(Task objective) Reproduce word for word every line from the one containing "33 坪採光良好的新成屋,以灰色調作為現代風主題,玄" to the final line of the data below; omit the pictures.

(Dataset extract)

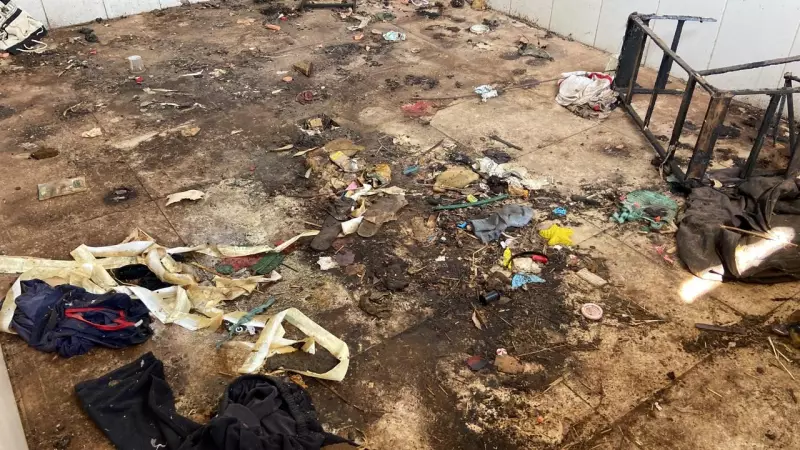Centro Esportivo Abandonado: Moradores de Rio das Pedras Exigem Soluções para Espaço Público Degradado
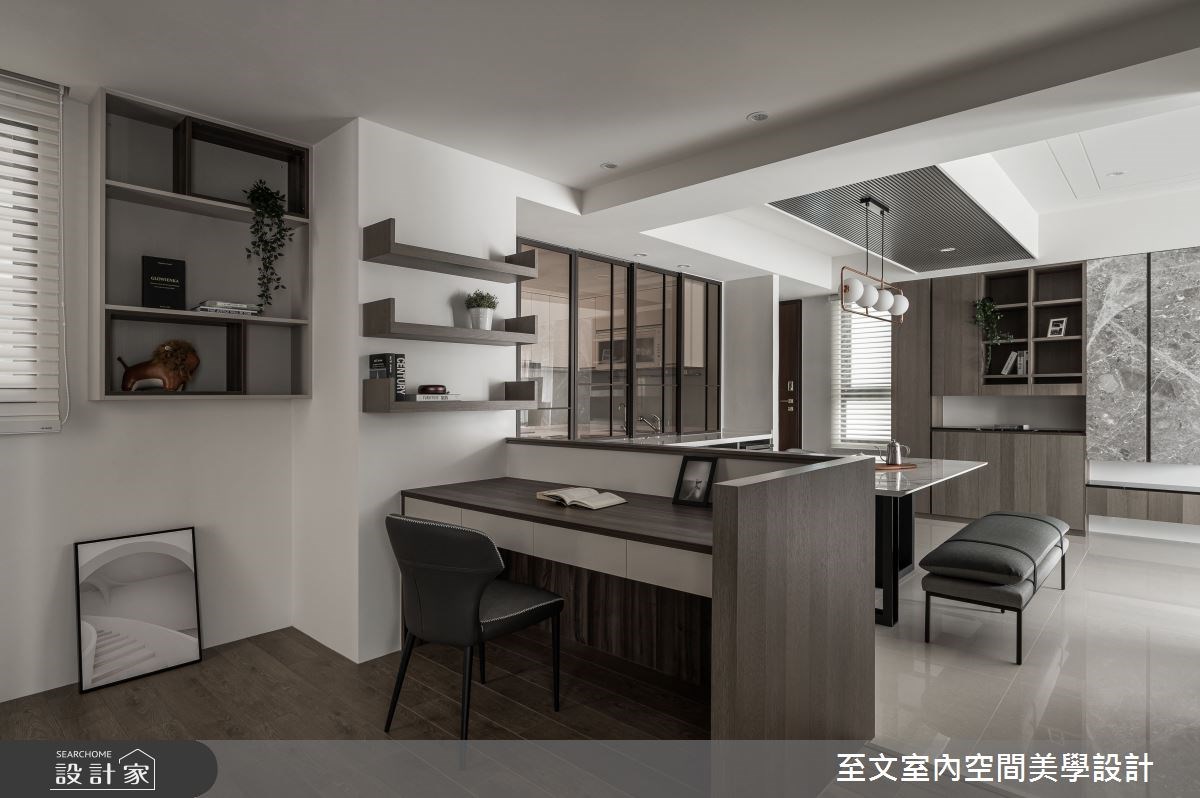 33 坪採光良好的新成屋,以灰色調作為現代風主題,玄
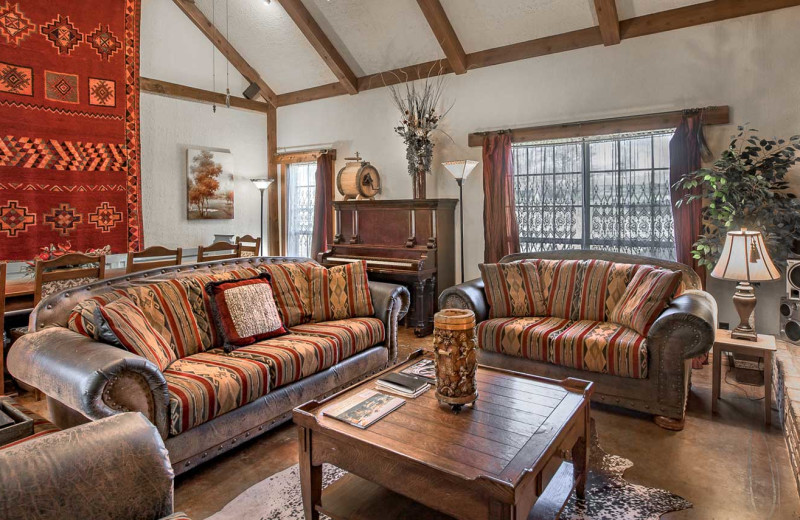 Cabin living room at Barons Creekside.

(Result for this task)
 33 坪採光良好的新成屋,以灰色調作為現代風主題,玄
 Cabin living room at Barons Creekside.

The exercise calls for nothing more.